LE TRAVAIL SOCIAL EST-IL DEVENU INUTILE, VOIRE NUISIBLE ?
Pour le système il est et demeure un élément essentiel dans la manière de «non résoudre» les problèmes sociaux, de faire durer la situation, d’éviter l’explosion sociale. La France et la plupart des pays développés peuvent se« payer la paix sociale» en finançant un corps de professionnels qui ont pour objectif de créer le lien social que le système n’arrive plus à produire… mais il est vrai que si le choix est fait de la répression, on substituera des mercenaires aux travailleurs sociaux ou bien ces derniers devront accepter de le devenir.

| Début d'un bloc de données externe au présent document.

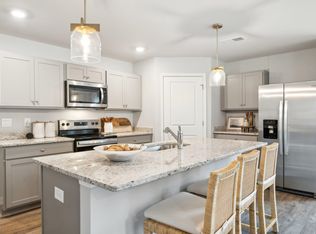 15 River Oak Dr, Staunton, VA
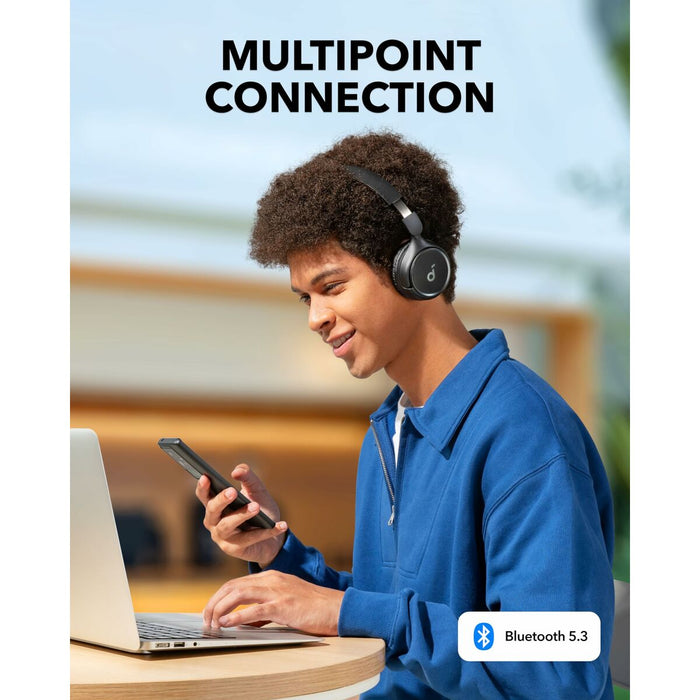 V3H5633E852C62F1D8B1063B6E53660637DR6180156P6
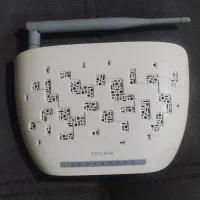 مودم TP-LINK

Pour le travailleur social c’est plus compliqué car, si tout ce qui vient d’être dit est vrai, il ne peut que s’interroger sur le caractère apparemment pervers de son action… autrement dit il apparaît comme une béquille du système, voire un collaborateur, certains même disent que le travail social donne l’illusion de…, en trompant l’usager…. Mais nous l’avons vu il n’est pas le seul dans son cas. Une telle situation renvoie ainsi à une réflexion non plus sur ce qu’est le travailleur social, mais le système marchand lui-même.
Cela dit, le travail social permet de travailler avec des victimes du système et là se pose un choix délicat et difficile à assumer: doit-on simplement fournir une aide… à la limite par simple humanité… ce qui est tout à fait respectable; ou doit-on, dans le cadre de son action, aller plus loin et «conscientiser» l’usager pour lui faire prendre conscience de ce qu’il est dans le système, autrement dit en faire un citoyen actif et même réactif par rapport à un système qui l’exclu? Question délicate qui renvoie à l’engagement de chacun et probablement à une réflexion entre toutes et tous. Le problème devient politique (au sens noble du terme).
Ne nous berçons pas d’illusions, l’humanisme de la démocratie marchande est à géométrie variable et cette variabilité a pour paramètres les conditions et les exigences du système qui la sous-tendent et dont la finalité est, reste et demeure, la valorisation du capital. Le social n’est pas une valeur, pendant de l’économique au temps de la croissance, il en devient aujourd’hui un prétexte Il est devenu la condition de la stabilité du système dans son ensemble… il est au système ce que la respiration artificielle est au noyé.
Les travailleurs sociaux sont au cœur de cette contradiction, ils en ont conscience… encore faut-il pour être efficace transformer cette conscience en pratique.